There is no TeX source for the journal version. The point is that you don't want to trust the author to verify that the peer-reviewed+accepted version is the same as the arxiv version, and that it will not be changed. That's why people generally cite the journal version. Because it's immutable.
Journal versions are simply not immutable because they are referenced by name, not by content. I regularly see a good percentage of dead or wrong DOI, and I've hunted my fair share of papers that were supposedly released in a journal, but that only ever existed in preprint.
Arxiv already accepts latex and compiles it for you, we should expect the same from journals and ask them to publish the hash of the document they received.
Journal versions are reference by journal name, volume, year, page number, indexing a hard copy version you can find in a library. Seems pretty immutable to me.
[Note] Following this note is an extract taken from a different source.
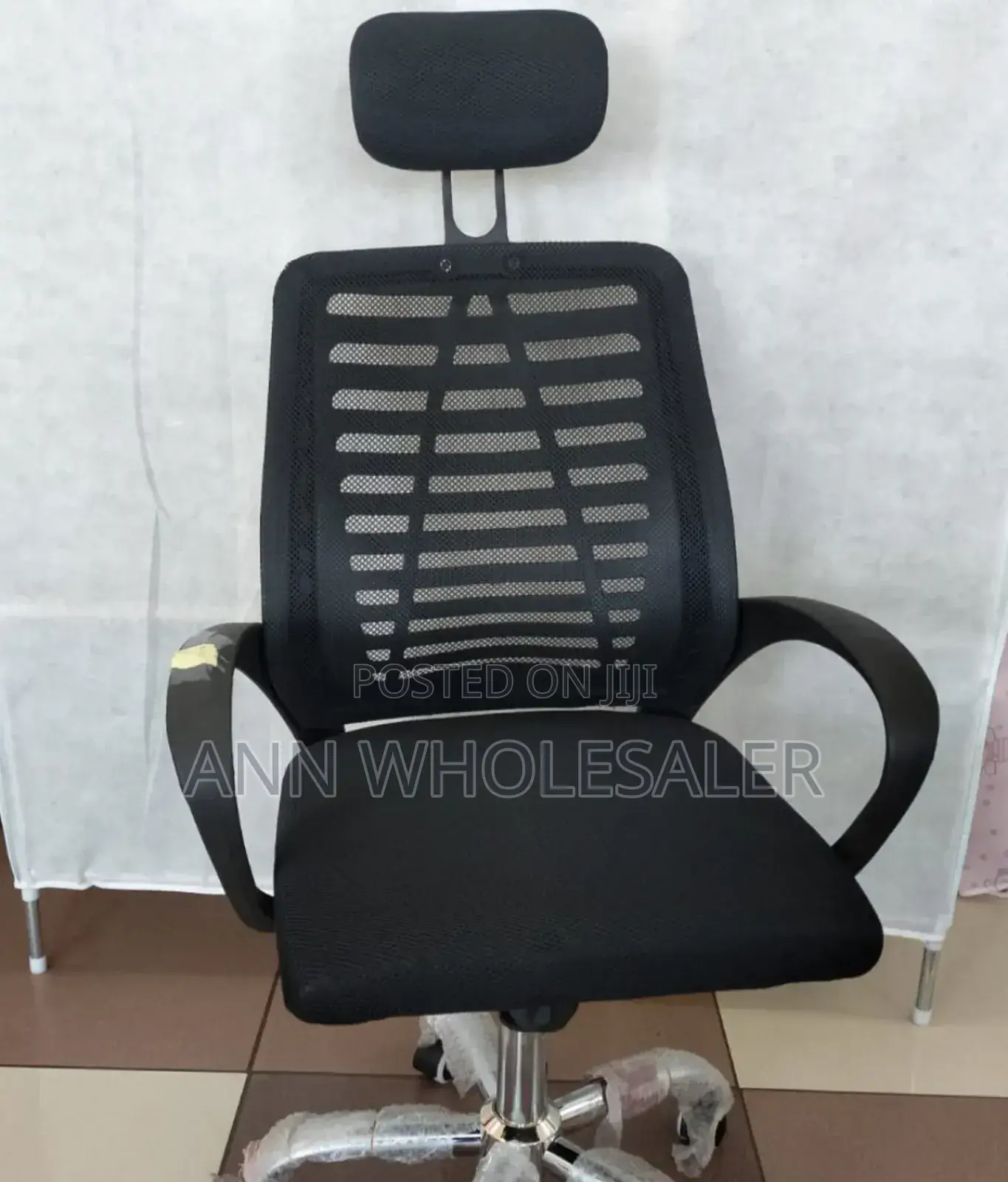 Secretarial Mesh Office Chair With Headrest FOC-OO6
The journals I published in all accepted latex. But they convert it to use their layouting software. The last correction steps are typically done only in this version, and the author has to backport them into their tex code.
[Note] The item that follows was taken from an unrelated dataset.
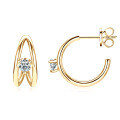 S925 Sterling Silver D-color Moissanite Bow Earrings-0-21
Why should the journal have any interest in making the arxiv version more attractive?
Essentially the same reason we need peer review in the first place. Many authors have strong but wrong opinions. But even without malice:Some don't care that the arxiv version is slightly different from the paper.
Also in many cases there is a final round of modifications done by the publisher that you are not free to distribute. For journal paper I was told that sometimes you cannot even publish the corrected version after rebuttal.
it's not the same file - just the same, final text proof. It will be different from the final formatting in the journal.
I dont think authors have incentive to abuse the system. Just upload the final proof of your manuscript to arxiv, click "final version" , and this lets people know that this is the same article as in the journal.
DOIs are ubiquitous and they would serve the purpose of redirecting to the free pdfs rather then the journal site. This can be applied to existing articles retroactively. Plus, many bibliography styles include the DOI which makes the reference easier to use
Individual entities register DOIs, and decide where they redirect (and can change the resolution at any time). In these cases, the publisher (such as Elsevier) is the one who has registered the DOI, and they get to decide where it redirects/resolves. They also paid for the DOIs.
There are actually a (small-ish) number of DOI registrars. The largest, and most likely by far to be used for scholarly articles, is CrossRef.
Neither CrossRef nor the DOI foundation have the authority to change where a DOI resolves to, against the wishes of the DOI registrant. (It would be like a DNS registrar or the IANA deciding news.ycombinator.com should resolve somewhere other than Y Combinator wants it to -- indeed DOI works pretty analogously to DNS, probably intentionally by inspiration).
What you propose would require major changes to the social and business setup of DOI. Probably to the business/sustainability model too, because a registrant would probably be less excited to pay for a DOI they don't actually get to control the resolution of. (CrossRef and the International DOI Foundation are both non-profits. They still need to pay for their operations, and the DOI infrastructure. That is currently funded by charging registrants for DOIs). It would also require some kind of "regulatory regime" to determine who has the authority on what basis to determine where a DOI resolves (and those 'regulators' would probably increase expenses, which you need a new plan for funding), compared to the current situation where whatever entity registered a DOI decides where it resolves to (similar to DNS).